- [Work request]:
Using the data below, return word for word every line from the one holding "Used Landian E5" down to the one holding "REUTERS/Christian Mang". Leave pictures out.

- [The input]:
******

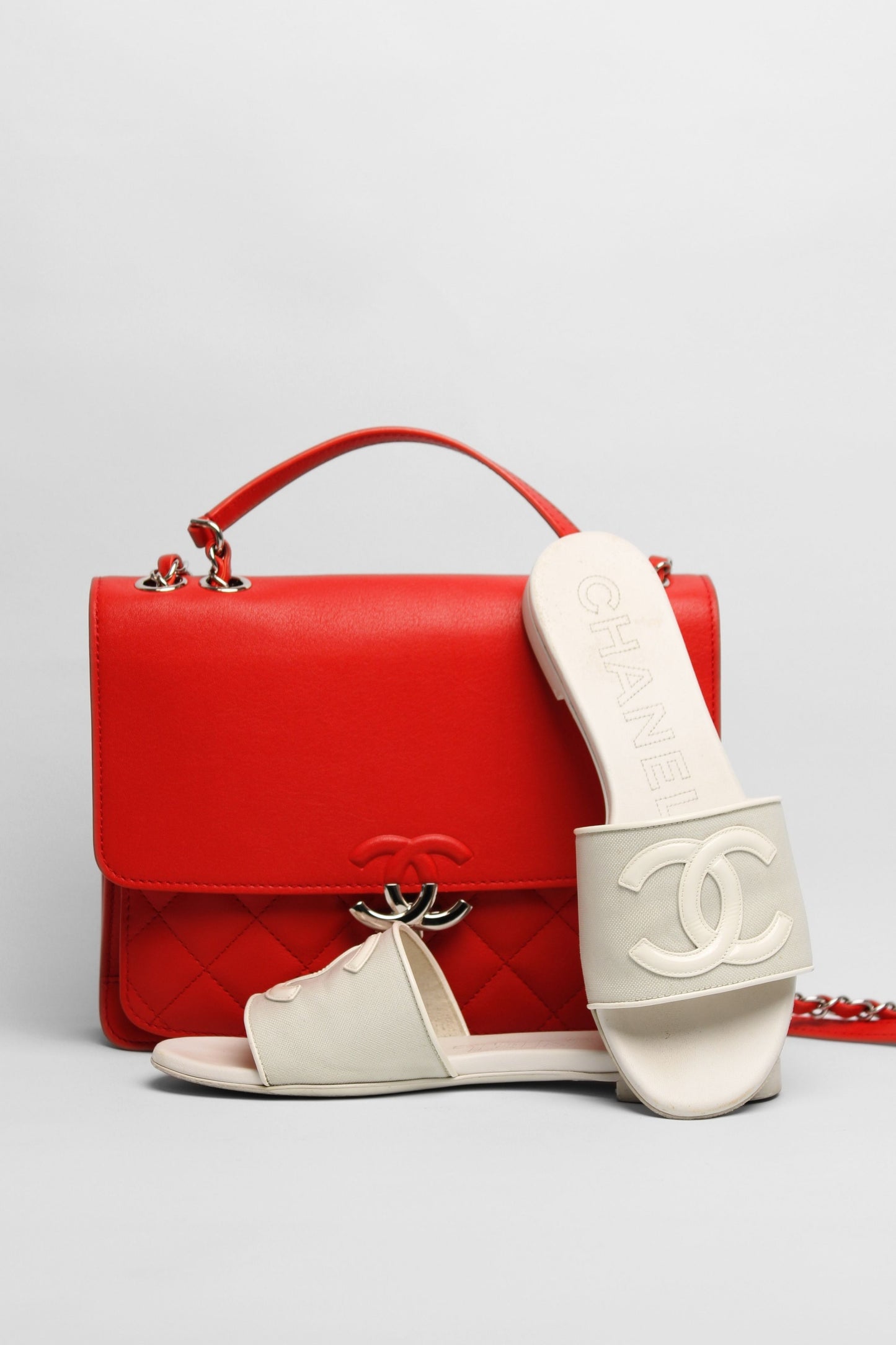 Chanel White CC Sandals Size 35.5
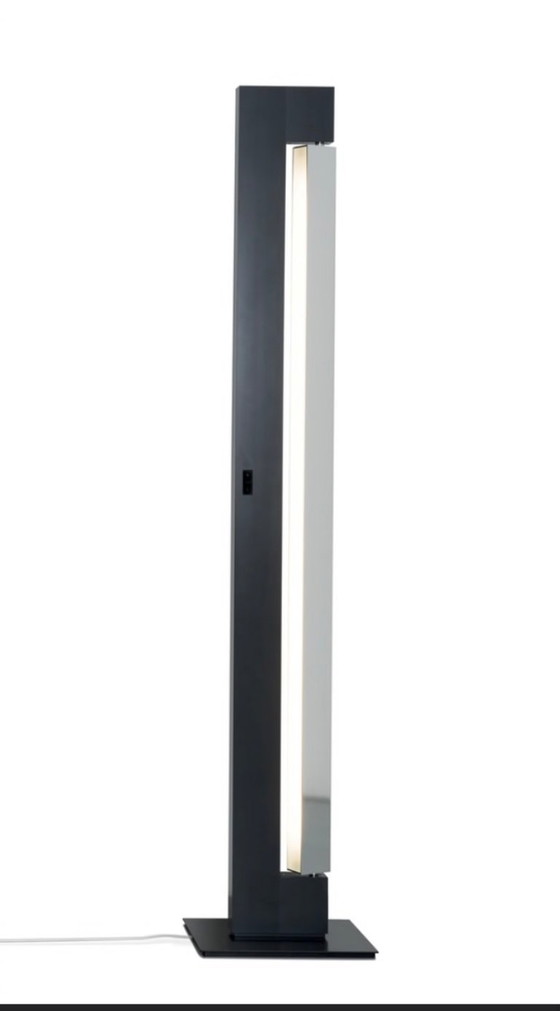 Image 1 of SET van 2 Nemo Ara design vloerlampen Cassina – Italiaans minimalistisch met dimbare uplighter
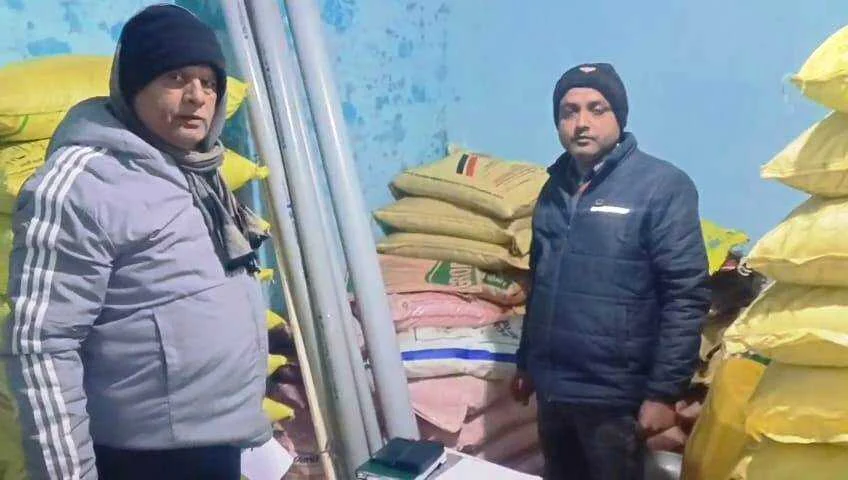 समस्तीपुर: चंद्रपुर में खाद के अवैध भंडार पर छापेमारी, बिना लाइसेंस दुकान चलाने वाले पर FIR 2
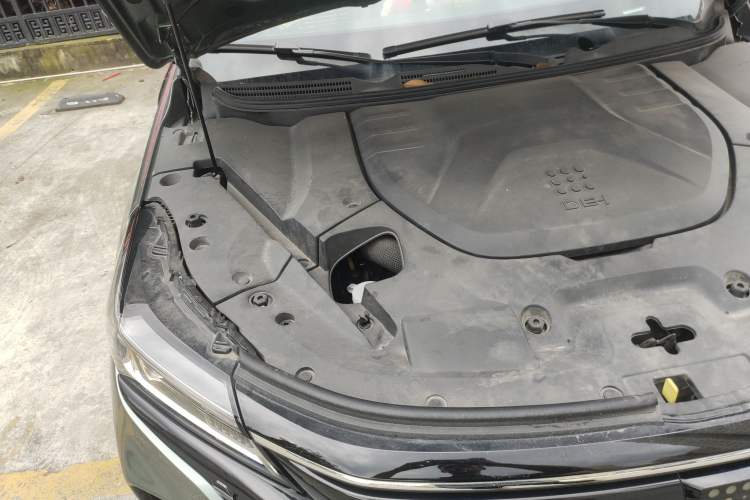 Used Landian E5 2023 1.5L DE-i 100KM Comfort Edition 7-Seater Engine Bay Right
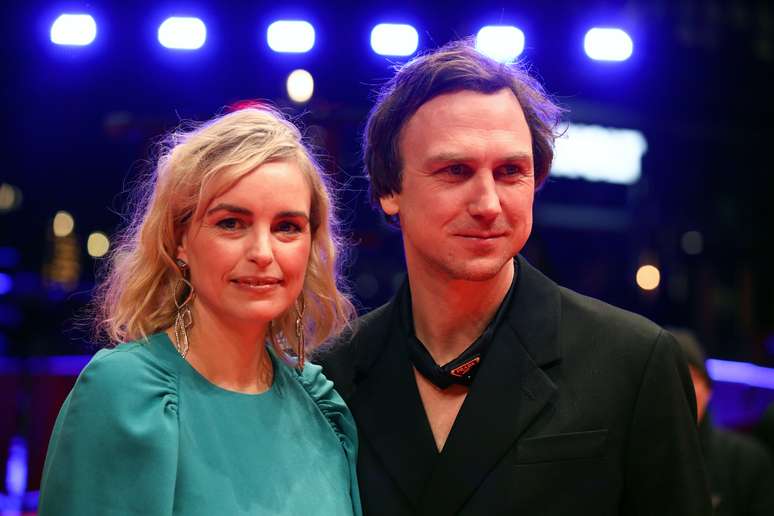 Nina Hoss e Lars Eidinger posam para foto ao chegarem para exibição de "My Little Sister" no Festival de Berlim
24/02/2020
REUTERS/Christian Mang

******

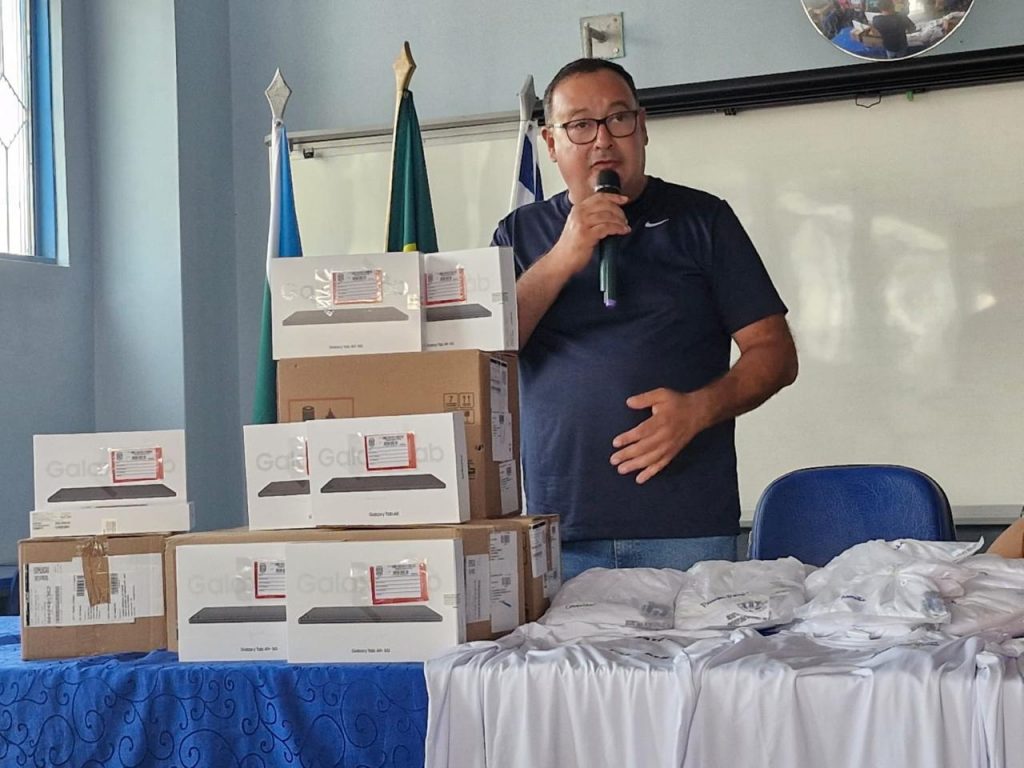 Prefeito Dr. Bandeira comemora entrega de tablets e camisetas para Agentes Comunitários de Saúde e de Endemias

******

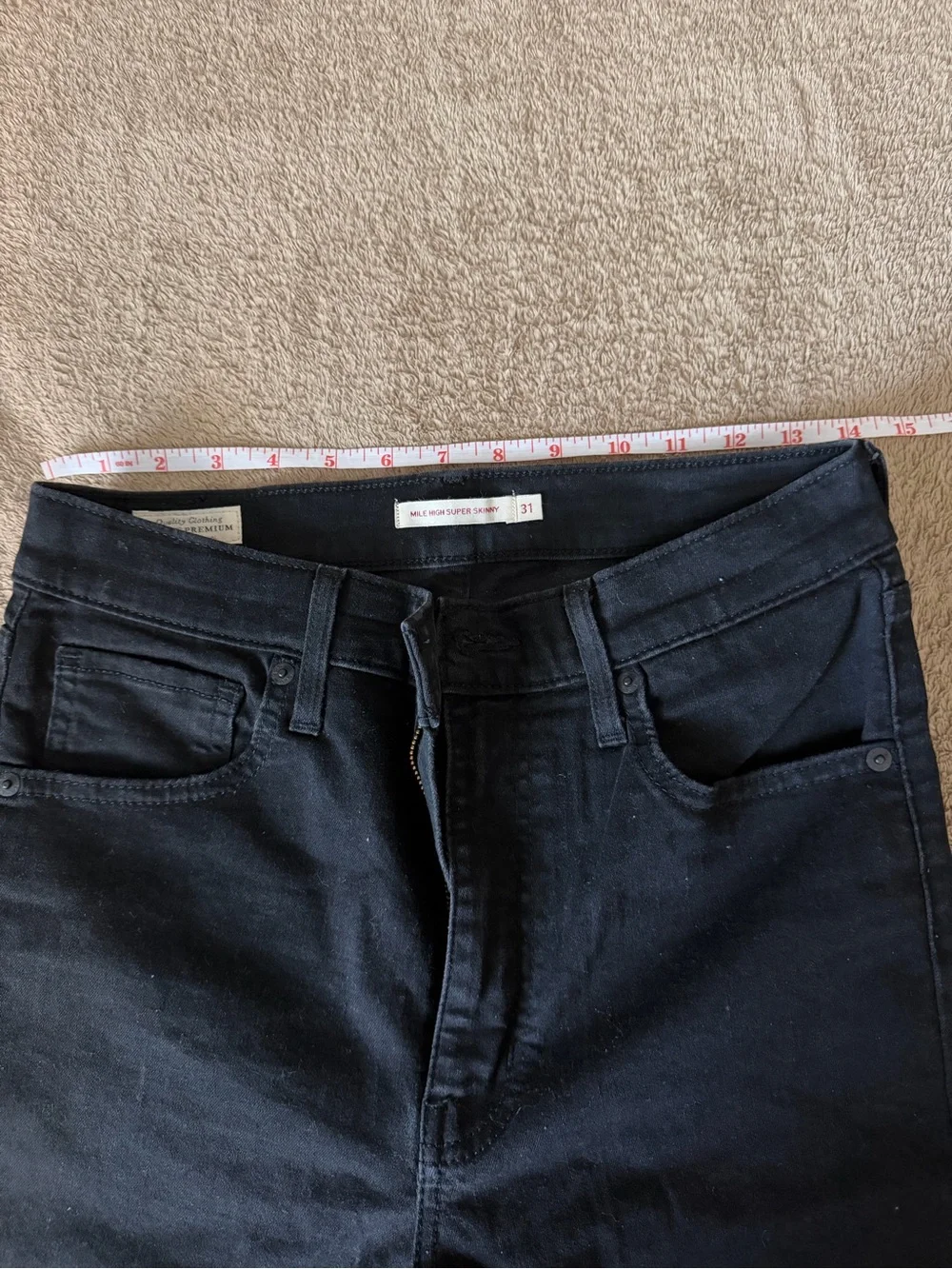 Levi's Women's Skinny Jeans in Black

******

- [Answer for this exercise]:
 Used Landian E5 2023 1.5L DE-i 100KM Comfort Edition 7-Seater Engine Bay Right
 Nina Hoss e Lars Eidinger posam para foto ao chegarem para exibição de "My Little Sister" no Festival de Berlim
24/02/2020
REUTERS/Christian Mang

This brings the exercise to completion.